Eladio se esmeró en el empeño de la unidad del proletariado y por garantizar la capacidad combativa del gremio de transportistas. Guardaba el fuego de un temperamento rebelde e intransigente frente a toda injusticia. Como militante del Partido Socialista Popular se opuso a corrientes como el tenebroso mujalismo; y se incorporó a la lucha en la cual las exigencias del contexto histórico condicionaron su sólida formación revolucionaria.
Como miembro del Movimiento 26 de julio, mantuvo firme su decisión de defender a la patria. Protagonizó múltiples manifestaciones y colaboró en la distribución de propagandas contra el gobierno opresor, y en el trasiego de armas; siempre se podía contar con él, pues tenía la disposición de enfrentar a la tiranía por cualquier medio y en primera fila.

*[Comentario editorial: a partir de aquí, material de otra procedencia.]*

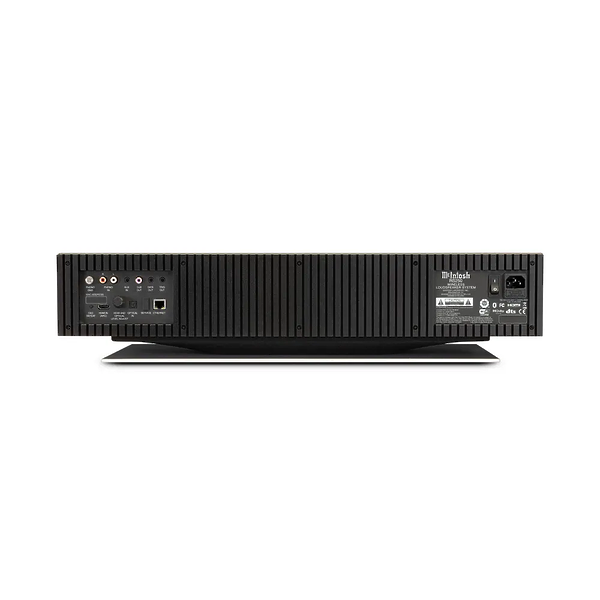 Портативная акустика McIntosh RS250 артикул 265267Si-1 фото 4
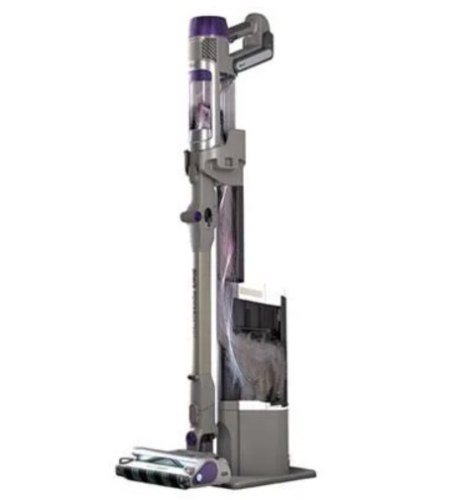 שואב אבק אלחוטי Power Detect דגם Shark IP3253IS שארק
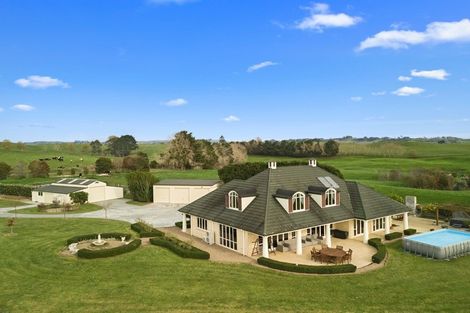 Photo of property in 914 Hetherington Road, Ruawaro, Huntly, 3772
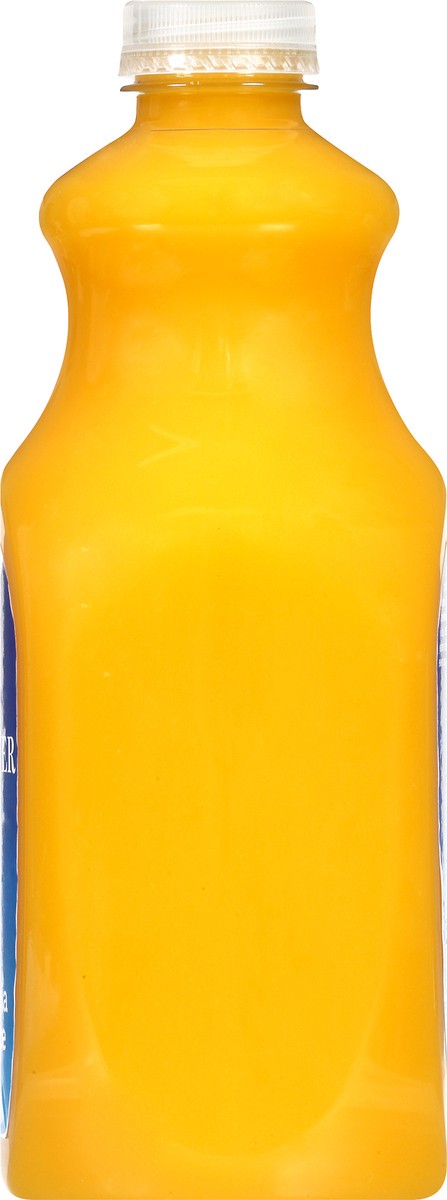 slide 6 of 11, Indian River Select Premium 100% Valencia Orange Juice - 52 oz, 52 oz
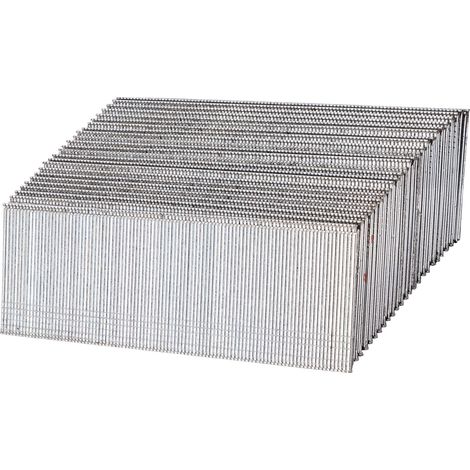 Nägel Stifte 38 mm für Druckluft Kombinagler Klammergerät Nagler Tacker KN40 (1/5)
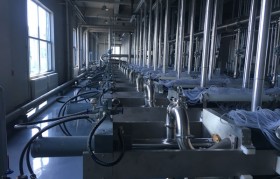 反渗透膜应用领域有哪些？八大领域介绍！
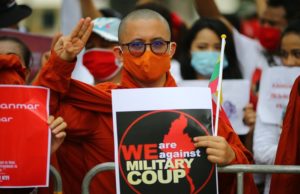 Facebook Bans Myanmar Military Accounts on its Platforms Facebook bans Myanmar Military Accounts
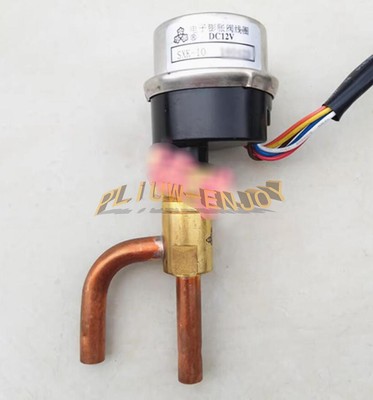 1PC New Electronic expansion valve SXK-10 #WD1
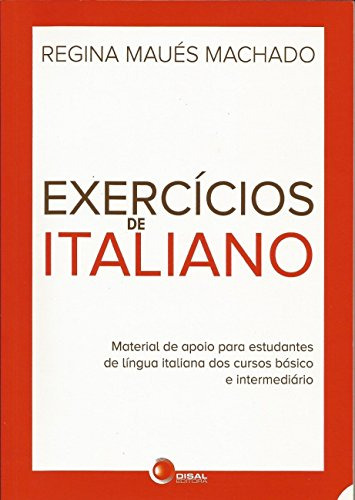 Libro Exercicios De Italiano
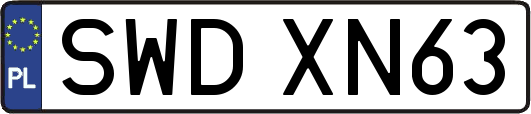 SWDXN63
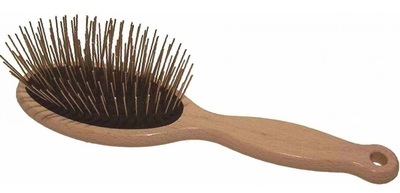 1 All Systems Pin brush         35 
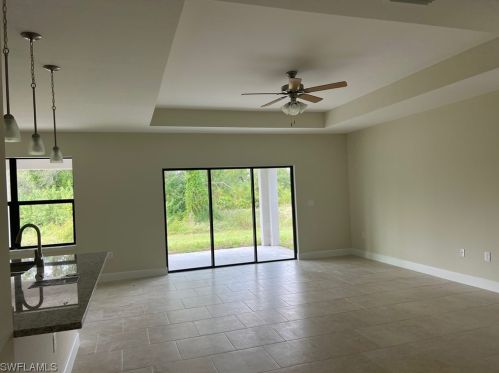 2703 6th St, Lehigh Acres FL  33976-2565 exterior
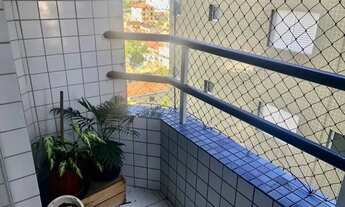 Imagem 6: Apartamento no Canto do Forte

Participó en la huelga del nueve de abril de 1958, aquel alzamiento general de toda Cuba con que se pretendía adelantar el colapso de la dictadura batistiana. Tras reorganizarse el Movimiento 26 de julio en San Antonio de los Baños, lo eligieron coordinador municipal. En esa batalla constante forjó su recia personalidad política y su faceta de dirigente.
Al constituirse el Gobierno Revolucionario Cubano en enero de 1959, desempeñó durante un lustro el cargo de Comisionado Municipal en la villa que lo adoptó como hijo; y ocupó responsabilidades administrativas en el otrora Regional Ariguanabo, entre estas, la de jefe del Departamento de Viviendas, y director de la Empresa de Servicios Comunales.
Como miembro fundador de las Milicias Nacionales Revolucionarias, acudió a numerosas movilizaciones para la defensa incondicional del país. El paso de los años no pudo mellar su espíritu combativo. Al fallecer el 19 de septiembre de 1988, dejaba tras de sí una vida dedicada enteramente a la Revolución cubana.
Valentía, modestia y decoro distinguieron también a Eladio Hernández Gil, cuyos restos reposan en la necrópolis de San Antonio de los Baños; y su nombre honra a los miembros de la Asociación de Combatientes 01-12, del Consejo Popular Oeste Urbano, del municipio de San Antonio de los Baños.